Landlords and the importance of a good Inventory
Inventories are an important tool for both Tenant and Landlord in order to ensure from the commencement of the let there is clarity between both parties on the condition of the property and the fixtures and fittings. The importance of this document when compiled correctly should not be understated in helping to minimise tenancy deposit disputes at check out time.
The document should describe in detail the current condition of the property (by room) and also the fixtures and fittings. The language and wording use in the document should be made as clear as and straight forward as possible in order for ambuity to be later avoided. We would recommend the following details be captured where applicable:
- Weather conditions on the day
- Item Quantity
- Item Colour
- Item Features
- General Condition
- Tested (particularly in reference to electrical items or White Goods)
It is also wise to evidence each item or room with digital photographs where possible which should be printed off to form part of the Inventory document.
As well as capturing both Landlord and Tenant signatures at the end of the Inventory we would also recommend getting the Tenant to initial each individual page of the document for extra security.

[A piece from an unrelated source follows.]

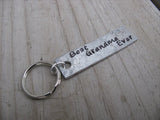 Grandma Keychain - "Best Grandma Ever" - Hand Stamped Metal Keychain- small, narrow keychain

Having once established the condition from the outset of the let we would promote that Landlords continue this good work with completing 6 monthly interim checks. This catches any problems before they arise and the final check-out inventory is completed.
At checkout the inventory then really comes into its own. With tenants who have been in situ several years it is impossible without a clear document to refer back to in order to recall the state and condition of contents and without one disagreements can easily arise through faulty recollection.
Surveys typically show that circa 40% of all deposits are challenged for some level of deduction (dirty Ovens are usually cited as the number one issues as well) and an inventory should help in most cases prevent the stress and hassle of ending up in a Alternative Dispute Resolution.